> **Exercise prompt**
Give again the lines from the line with "CHARLSBOURG 5 PIECE" to the last line of the records, exactly and in full. Do not carry over any pictures.

· · · · · · ·

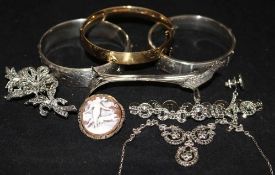 Two silver hinged bangles and mixed costume jewellery.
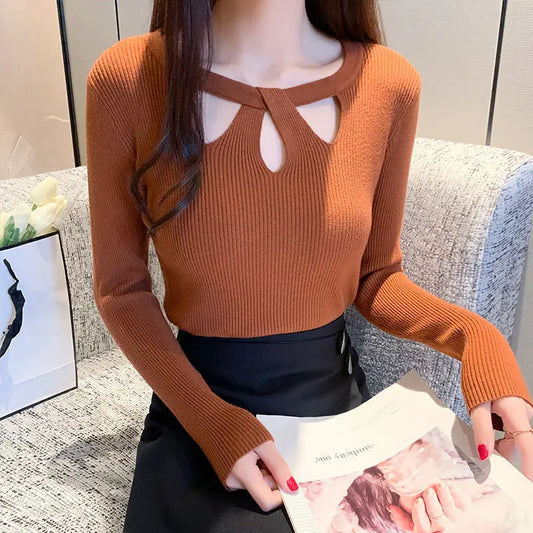 2024 Autumn Hollow Out Sexy Women Sweater Fashion Winter New Vintage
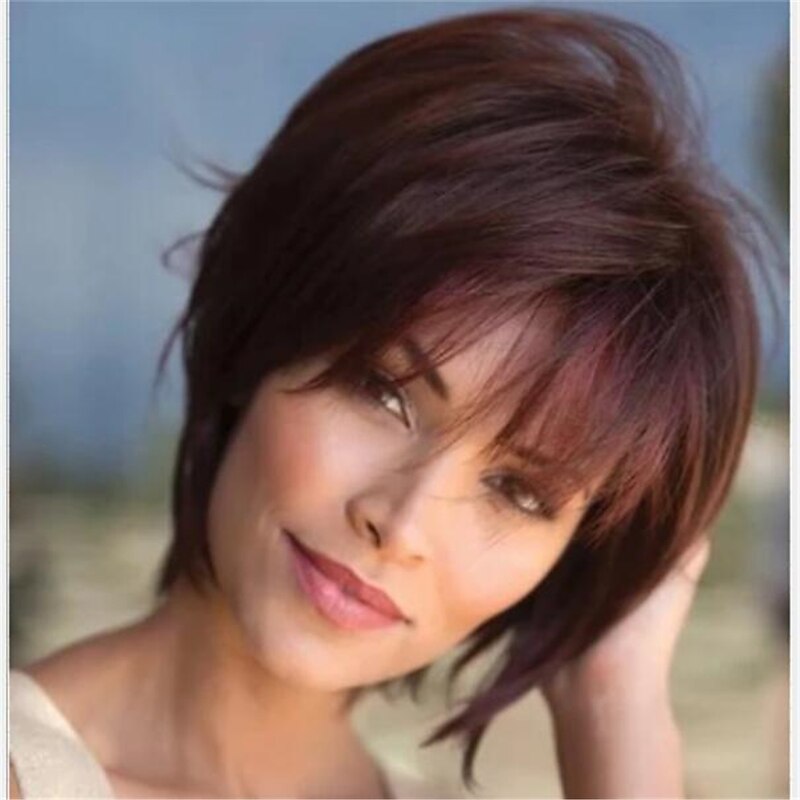 Synthetic Wig Natural Straight Bob Wig Short Dark Wine Synthetic Hair Wigs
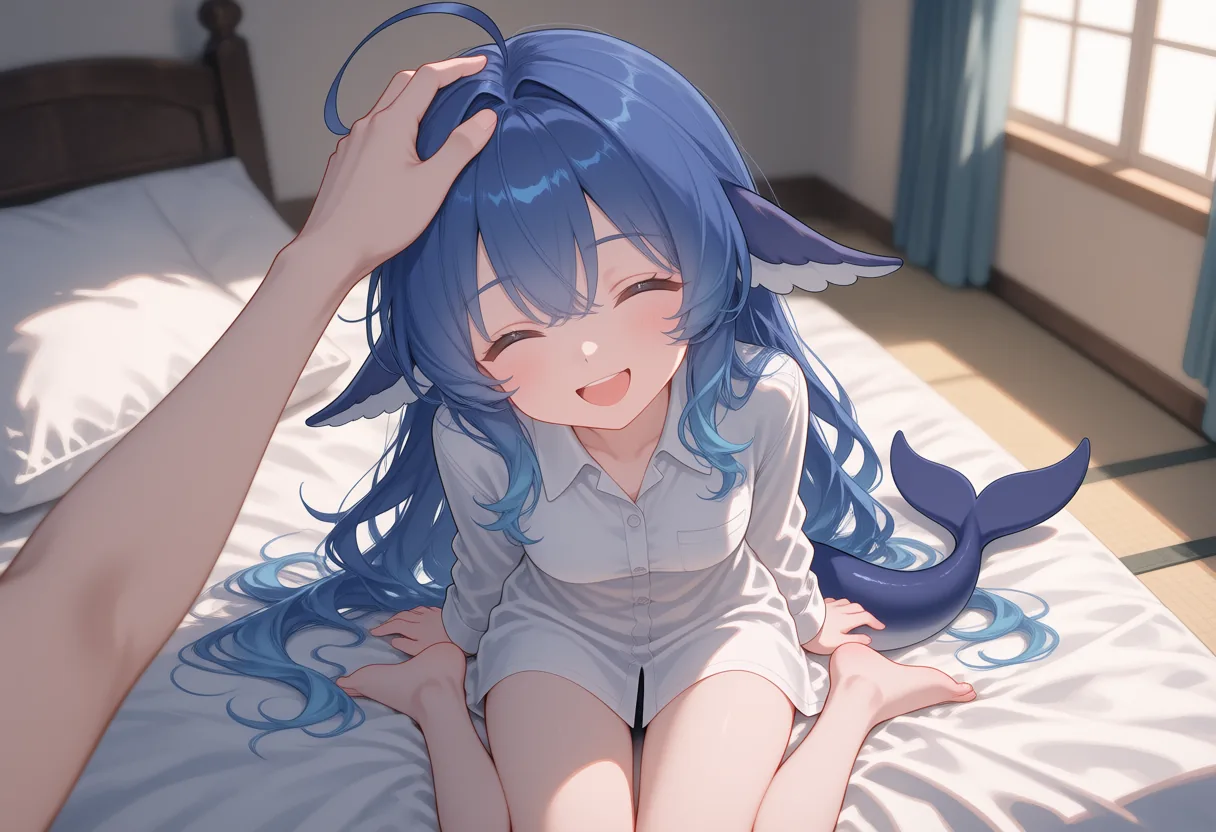 白い長袖シャツを着たDeepSeekちゃんが白いシーツのベッドに座り、画面の外から伸びた手が頭に乗せられている。目を細めて楽しそうに笑い、青いクジラの尾は横に垂れ、カーテンの向こうから午後の光が差し込む。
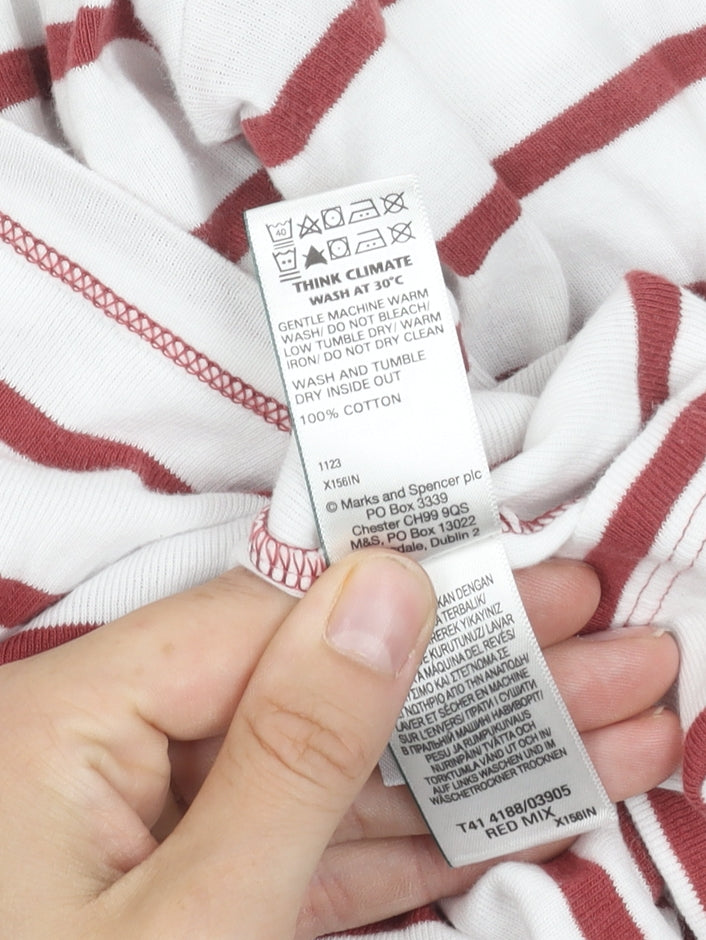 Marks and Spencer Women's Red Striped T-Shirt Size 18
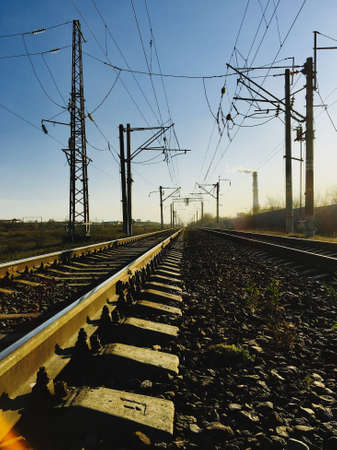 Railway tracks in the industrial zone.
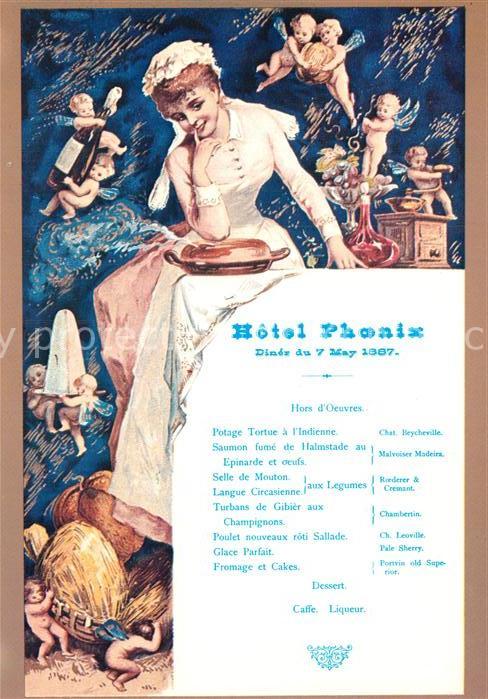 Stockholm Hotel Phoenix Diner du 7 May 1887 Speisekarte Repro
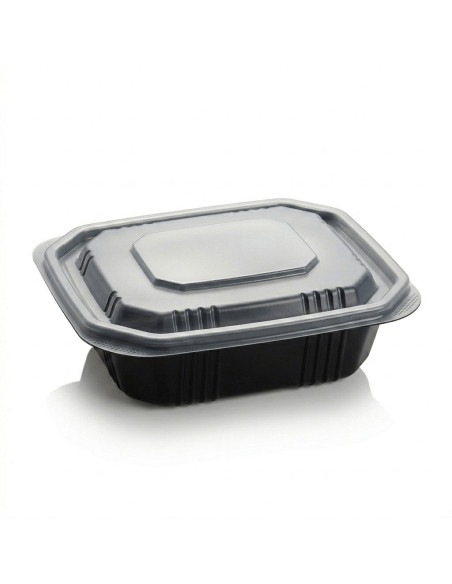 ▷ Envase Plástico para Microondas Negro 1.000 cc - Envío 24h.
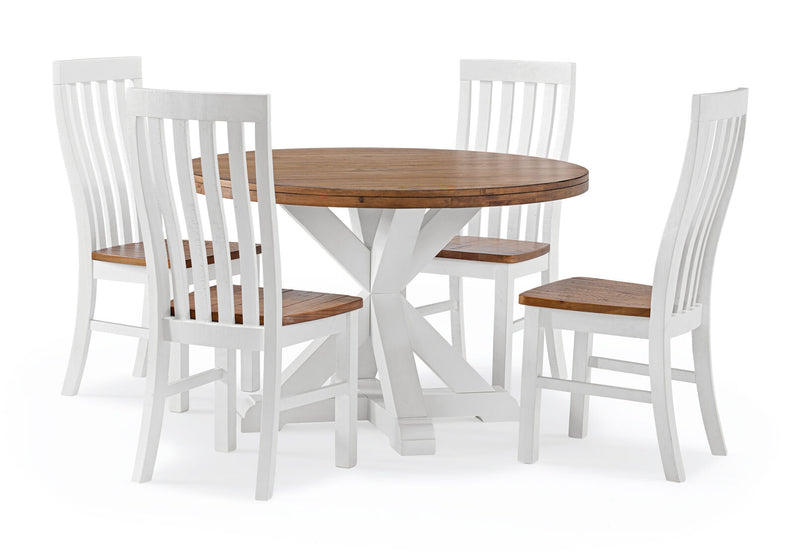CHARLSBOURG 5 PIECE 1200 ROUND DINING SUITE WHITE/DARK PINE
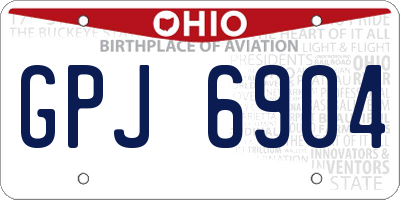 OH license plate GPJ6904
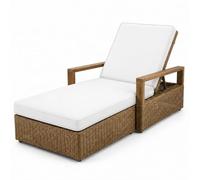 AZMAHT Cojín Tumbona: Cojines Tumbonas Jardín Exterior Impermeables, Colchoneta Tumbona Espuma 50D con 6 Cintas De Fijación, Funda Extraíble Lavable con Cremallera,Blanca,188x58x6cm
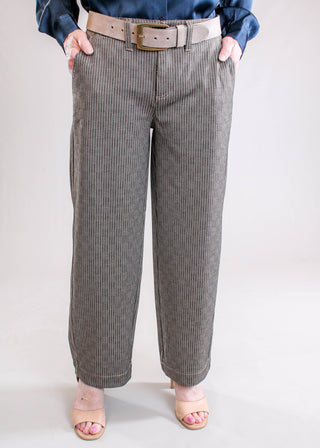 Liverpool Striped Crop Trouser with Wide Leg Front View - Fashion Crossroads Inc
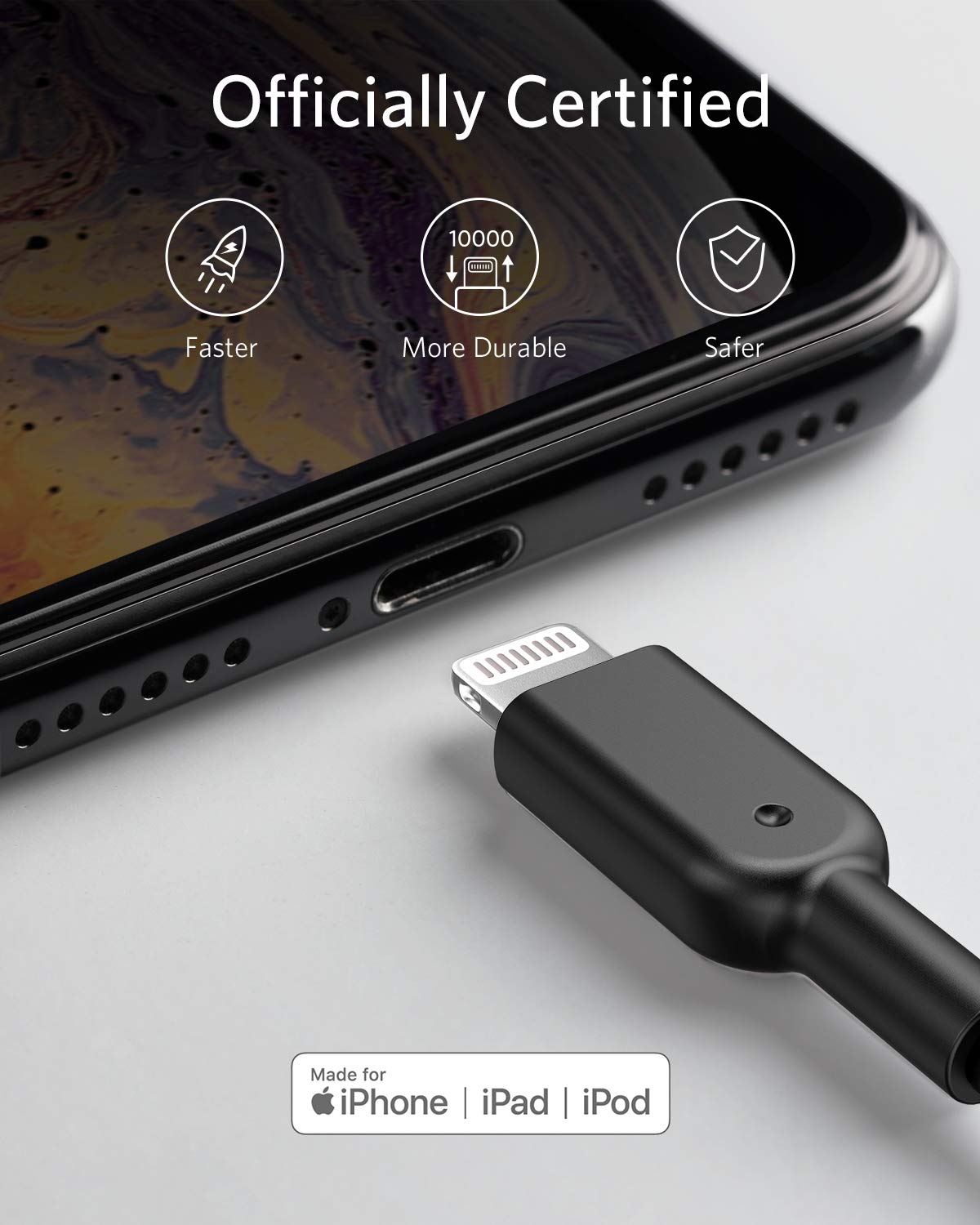 ANKER USB-A TO LIGHTNING CONNECTOR 10FT NYLON BRAIDED CABLE BLACK A8454H12 thumbnail 9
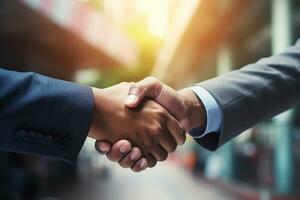 AI generated Businessmen making handshake with partner, greeting, dealing, merger and acquisition, business joint venture concept, for business photo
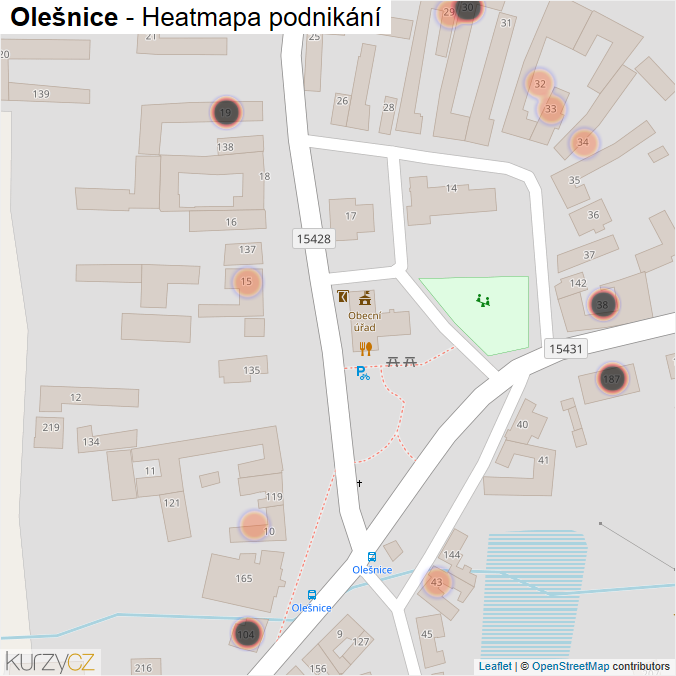 Mapa Olešnice - Firmy v obci.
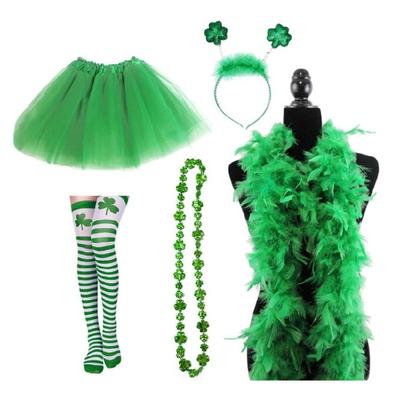 Saint Patricks Day Shamrock Headband&Necklace&Scarf&Leg Warmer for Girl Festival
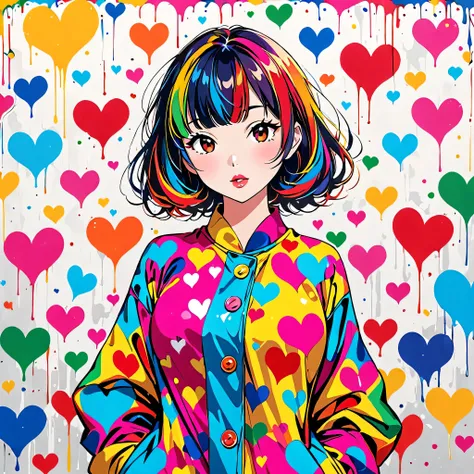 Ultra-realism Yayoi Kusama colorful style, Simple Line Initialism，Abstract art，(((The most beautiful girl of all time))), ((Lips in love)), colorful hearts, stylish design, sexy fashion, Background is graffiti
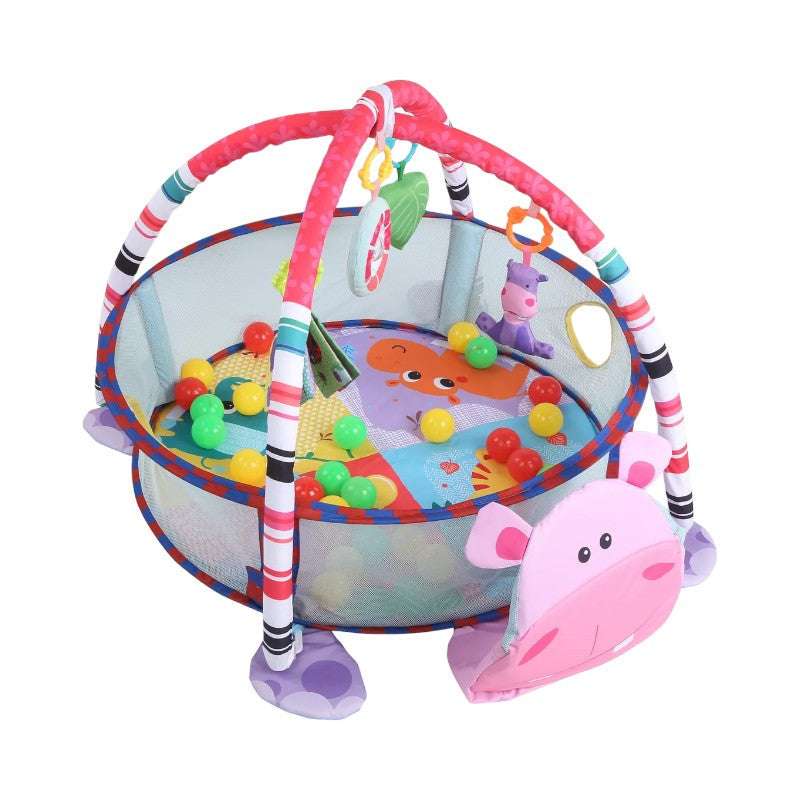 Joyfulbabygoods Tapis d'éveil 3-in-1 Baby Play Mat with Ball Pool, Hanging Toys
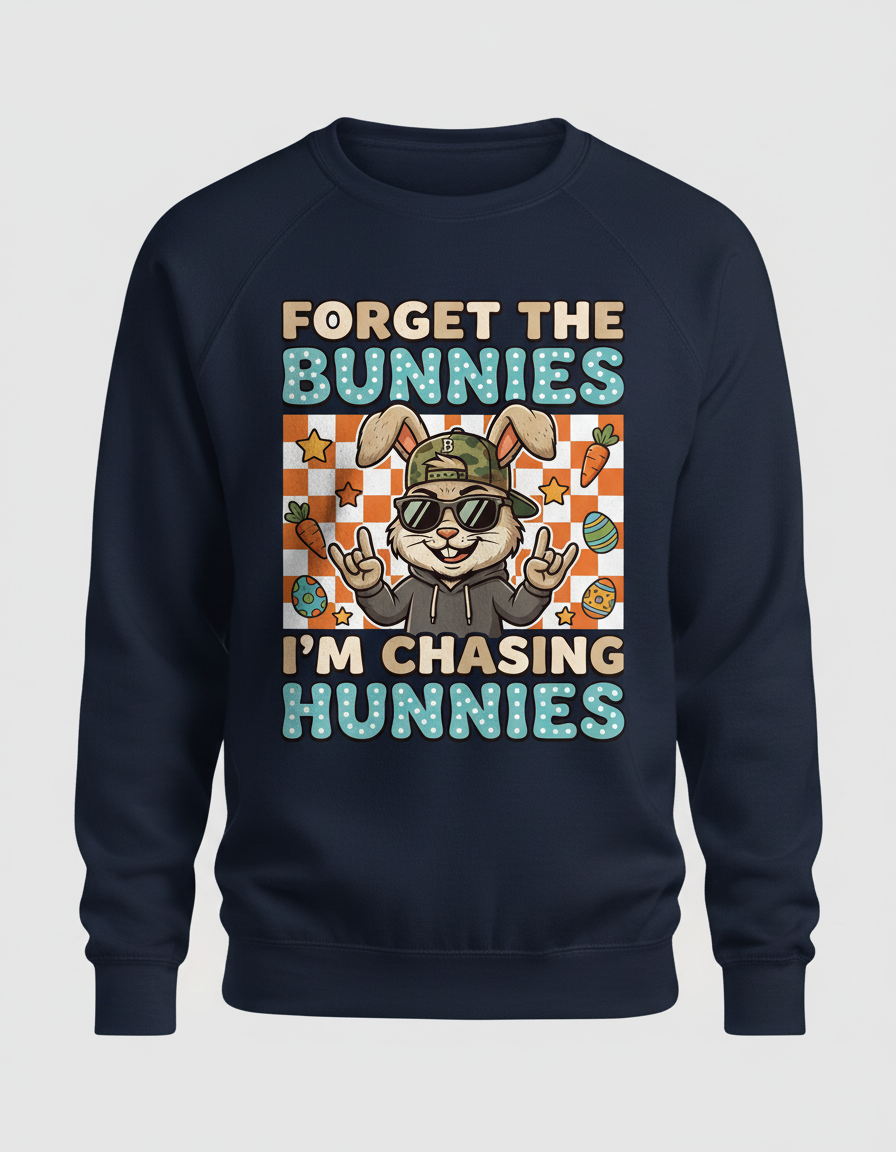 Funny Cool Easter Bunny Chasing Hunnies Design Sweatshirt - Navy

· · · · · · ·

> **Task solution**
CHARLSBOURG 5 PIECE 1200 ROUND DINING SUITE WHITE/DARK PINE
 OH license plate GPJ6904
 AZMAHT Cojín Tumbona: Cojines Tumbonas Jardín Exterior Impermeables, Colchoneta Tumbona Espuma 50D con 6 Cintas De Fijación, Funda Extraíble Lavable con Cremallera,Blanca,188x58x6cm
 Liverpool Striped Crop Trouser with Wide Leg Front View - Fashion Crossroads Inc
 ANKER USB-A TO LIGHTNING CONNECTOR 10FT NYLON BRAIDED CABLE BLACK A8454H12 thumbnail 9
 AI generated Businessmen making handshake with partner, greeting, dealing, merger and acquisition, business joint venture concept, for business photo
 Mapa Olešnice - Firmy v obci.
 Saint Patricks Day Shamrock Headband&Necklace&Scarf&Leg Warmer for Girl Festival
 Ultra-realism Yayoi Kusama colorful style, Simple Line Initialism，Abstract art，(((The most beautiful girl of all time))), ((Lips in love)), colorful hearts, stylish design, sexy fashion, Background is graffiti
 Joyfulbabygoods Tapis d'éveil 3-in-1 Baby Play Mat with Ball Pool, Hanging Toys
 Funny Cool Easter Bunny Chasing Hunnies Design Sweatshirt - Navy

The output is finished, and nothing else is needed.